Obviously the question in the title alone doesn't make sense so I'll develop on the context and then I'll ask my question :
Studying $AD$ (axiom of determinacy) I had to prove that $AD$ and $AC$ are incompatible (mod $ZF$). So to prove this I show that under $AC$, there are some undetermined games, and in order to prove this I use the fact that the Fréchet filter can be extended to an ultrafilter (necessarily non principal). As a remark, I thought "This shows that $AD$ is incompatible, not only with $AC$, but also with *strictly* weaker choice principles, such as the $BPI$ or the statement 'There exists a non-principal ultrafilter over $\omega$' ". Thinking this I wondered how strong that last statement (let $\Omega$ denote said last statement) was, and whether it could imply $BPI$. The answer seems to be "Obviously, no", as $\Omega$ is only about a specific set ($\omega$), whereas the $BPI$ is much more general. But then I wondered whether there was any "general choice principle", strong enough to prove $\Omega$, but not strong enough to prove the $BPI$. I then looked for a way to make "general choice principle" precise in order to look for an answer. So here are my questions :

Is there a satisfactory way to make the notion of "general choice principle" precise, i.e. characterize certain sentences such that $AC$, $BPI$, etc. fall under this scope, but $\Omega$ doesn't ?

If there is, let $\phi$ be such a general choice principle. Can we have $ZF + \phi \vdash \Omega$, but $ZF + \phi$ doesn't prove $BPI$ ?
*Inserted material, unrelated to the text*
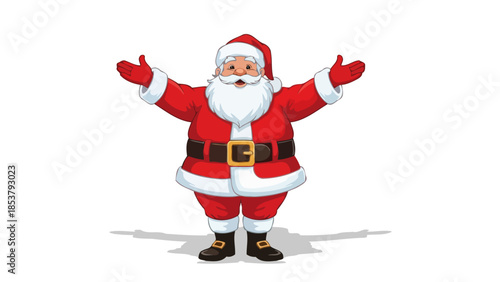 Cheerful Santa Claus Illustration with Open Arms for Christmas and Holiday Greetings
I first thought of defining it as "$ZF^{-}+ \phi$ ($ZF^{-}$ being $ZF$ minus the axiom of infinity) does not prove the axiom of infinity", but 1.it was only for this particular example, 2. it didn't work, as "$Inf \implies \Omega$" would fall under this notion, but clearly wouldn't be satisfcatory, so a solution would have to be more clever than that.